Through A308 traffic for Windsor is directed to use the bypass, and across the Runnymede bridges (shared with the M25, one bridge for each direction). (These two are included in the five Thames crossings referred to at the beginning). However, the A308 itself cannons off the A30 at the Crooked Billet to follow the original A30 route through Staines and over its own bridge across the Thames.
Section 5: Staines - Bisham
After crossing the Staines Bridge, we rejoin the bypass traffic (and any that has used the M25) which executes a spectacular 270-degree spiral down from the Runnymede Bridge. This brings us onto the Runnymede roundabout, where we part from the A30 on its way to Lands End, for our own rather more historic route across Runnymede Common to Windsor.
The road that has been making a beeline for Windsor itself abruptly divides – the B3021 skirting round the north of Windsor Home Park (crossing the river twice to preserve the park's river frontage) whilst the A308 itself deviates round the park to the south to pass through the outskirts of Windsor itself.
At the Goslar Way roundabout, the A308 becomes an impressive grade-separated route, but only for the very briefest of stays – almost immediately it turns off at the first junction, the main line continuing as the A332 towards Slough. This is, of course, a bypass: the original A308 ran along St Leonard's Road and Oxford Road (part of which is lost under flats) to get to Maidenhead Road. The A308 continues through relatively uninteresting territory, set back from the river, until it reaches the M4 at Bray. Originally there was a direct connection with the M4 here, traces of which are still visible, although subsequent building development makes it difficult to spot. This junction (Junction 8) was removed when the route of the western extension of the M4 was built, because it was too close to the divergence from the existing route (now the A404(M)).

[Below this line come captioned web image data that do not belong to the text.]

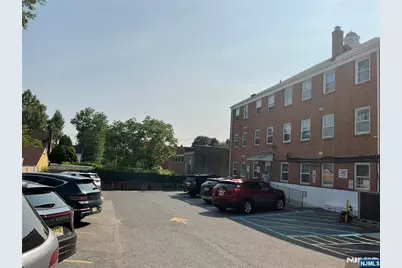 751 Teaneck Road 9 #9, Teaneck Township, NJ 07666 - Photo 1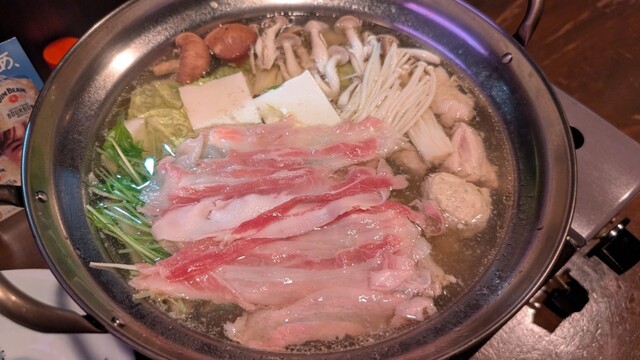 居酒屋 PON （イザカヤ ポン） - 東部市場前/居酒屋 | 食べログ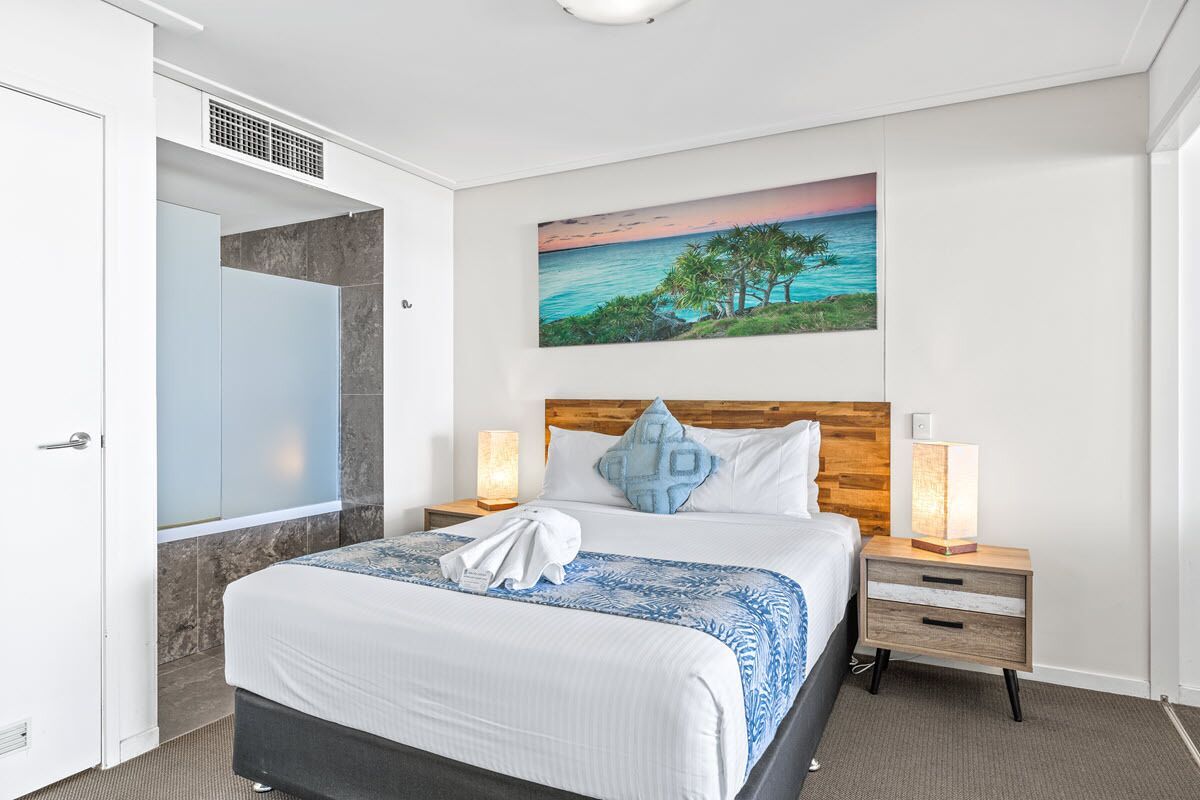 Lain-lain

Instead, a new spur, known as the A308(M), was built from the divergence (Junction 8/9) to connect with the A308. This, at less than 1 mile long, is one of Britain's shortest motorways – rivalling the A64(M) in Leeds, whose overall length is slightly longer (although one carriageway is very much shorter than the other).

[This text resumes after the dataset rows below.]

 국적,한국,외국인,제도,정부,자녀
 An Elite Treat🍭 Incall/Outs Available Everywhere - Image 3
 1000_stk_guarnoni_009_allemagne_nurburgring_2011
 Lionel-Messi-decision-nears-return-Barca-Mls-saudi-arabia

Bray itself is a very attractive place – inspiring the ballad of the Vicar of Bray, whose flexible religious convictions allowed him to remain there throughout the ecclesiastical upheavals of thirty years during the late Stuart and Hanoverian period – there were four changes of monarch between 1685 and 1714:
And this is law I will maintain
Until my dying day, sir,
That whatsoever King shall reign,
I'll be the Vicar of Bray, sir.
Bray itself is much as it was then – partly because the A308 does not enter the village itself so we do not see it.
Instead we head for the centre of Maidenhead – this is a dual carriageway as it is the principal access to Maidenhead from the M4. In the centre of Maidenhead, we meet the A4, which affords a much quicker route back to Knightsbridge than the A308 does!
Beyond Maidenhead, the role of the A308 has been largely usurped by the A404(M), but it still exists, winding its way into the high ground around Cookham Dean, and then down a series of twists and turns to Bisham, just short of Marlow Bridge. Bisham Abbey is the home of a National Sports Centre, used as the training centre for the England football team and many other sports.
The A308 ends at Bisham, at a junction with the A404. The A404 of course has its own circuitous route back to London, going as far north as Amersham before passing through Harrow and Wembley to end at Paddington, just across Hyde Park from Knightsbridge, where we started.